The data »
______________________________
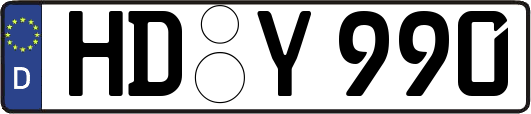 HD-Y990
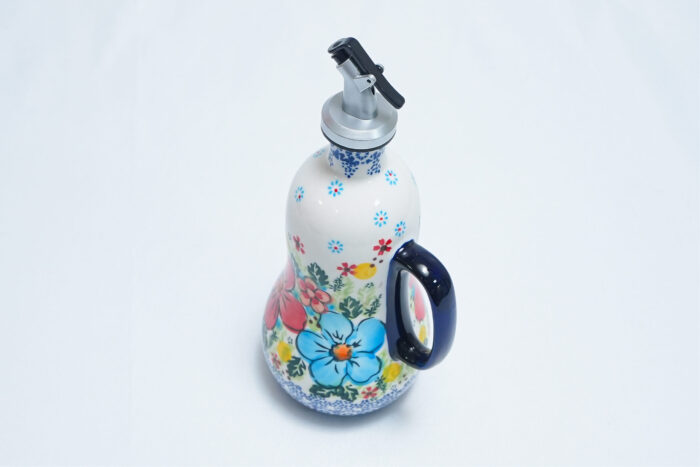 Ceramic Oil Dispenser SQ8621 - وعاء زيت سيراميك SQ8621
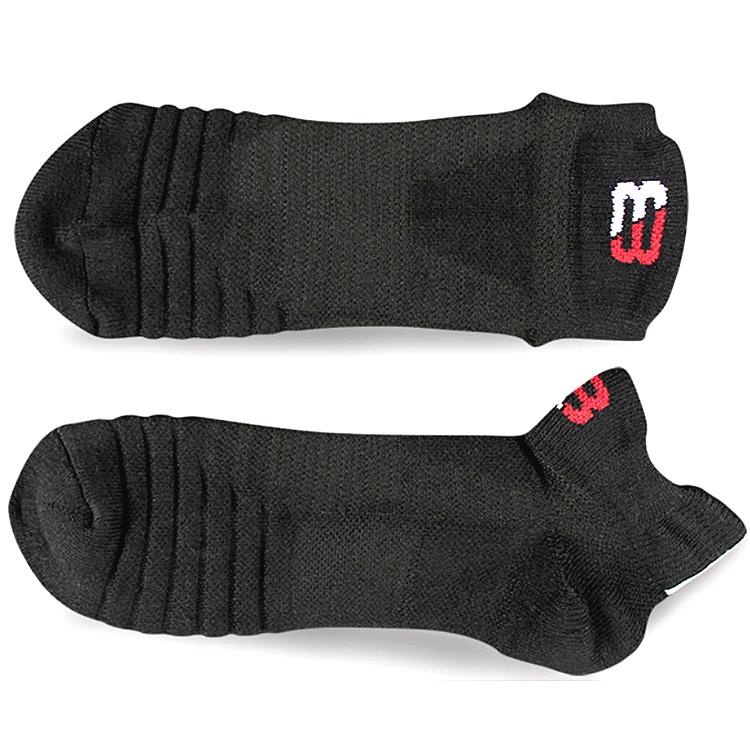 スポーツソックス 厚手 靴下 3足セット メンズ レディース くるぶし スポーツ ショートソックス シンプル ソックス 春 夏 男性 女性 ブラック ホワイト グレー |  | 09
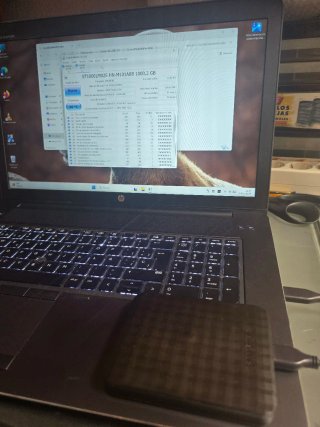 Disco Duro Externo Samsung 1TB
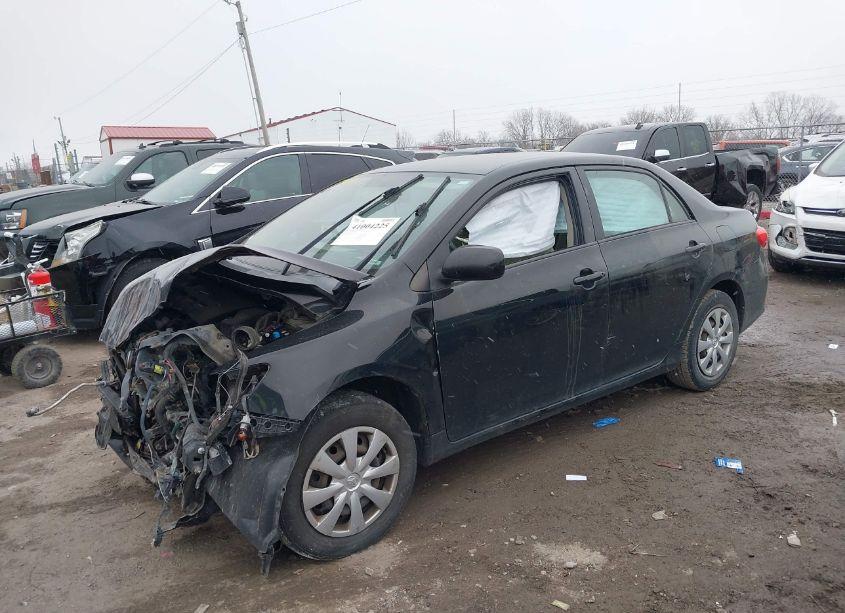 Photo 2 of 2011 Toyota Corolla LE (VIN 2T1BU4EE4BC687405)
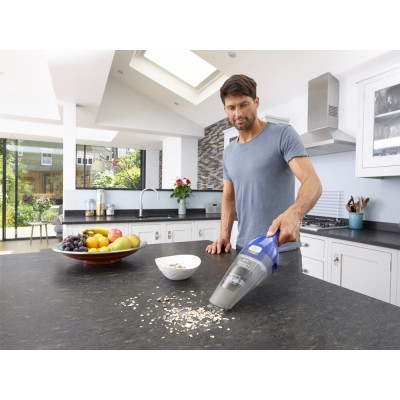 Портативний BLACK&DECKER акум. пилосмок NVC115WA Портативний BLACK&DECKER акум. пилосмок NVC115WA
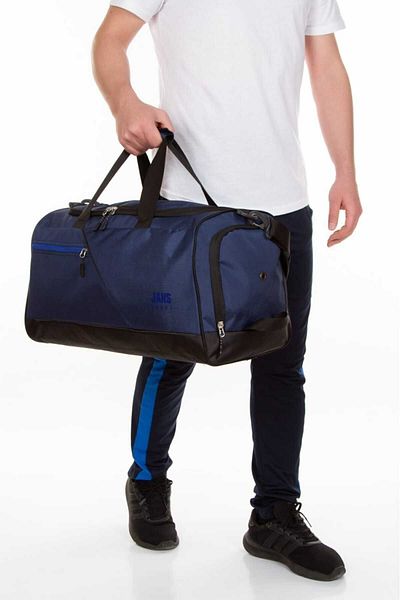 OBAY LİFE Navy Blue Jans Curea reglabilă de mărime medie Sport de fitness Geantă sport de călătorie zilnică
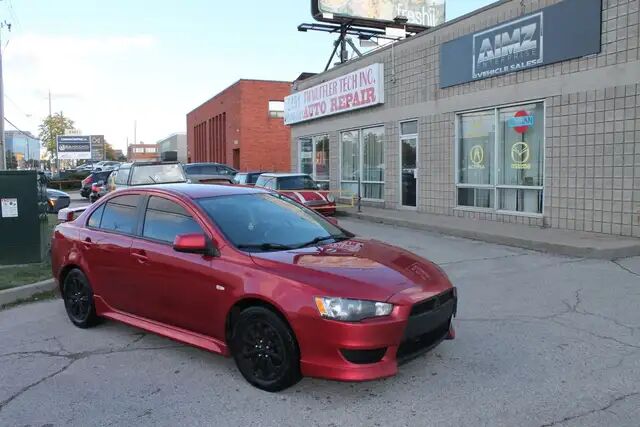 Mitsubishi Lancer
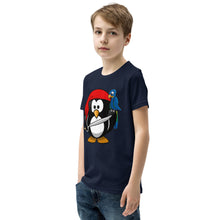 Load image into Gallery viewer, Youth Short Sleeve T-Shirt - A-15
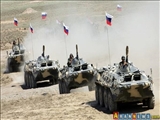 Rusiya-Tacikistan hərbi təlimləri başlayıb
______________________________
What this task involves »
Please output every record above exactly. Leave the pictures out.

Task solution »
 HD-Y990
 Ceramic Oil Dispenser SQ8621 - وعاء زيت سيراميك SQ8621
 スポーツソックス 厚手 靴下 3足セット メンズ レディース くるぶし スポーツ ショートソックス シンプル ソックス 春 夏 男性 女性 ブラック ホワイト グレー |  | 09
 Disco Duro Externo Samsung 1TB
 Photo 2 of 2011 Toyota Corolla LE (VIN 2T1BU4EE4BC687405)
 Портативний BLACK&DECKER акум. пилосмок NVC115WA Портативний BLACK&DECKER акум. пилосмок NVC115WA
 OBAY LİFE Navy Blue Jans Curea reglabilă de mărime medie Sport de fitness Geantă sport de călătorie zilnică
 Mitsubishi Lancer
 Load image into Gallery viewer, Youth Short Sleeve T-Shirt - A-15
 Rusiya-Tacikistan hərbi təlimləri başlayıb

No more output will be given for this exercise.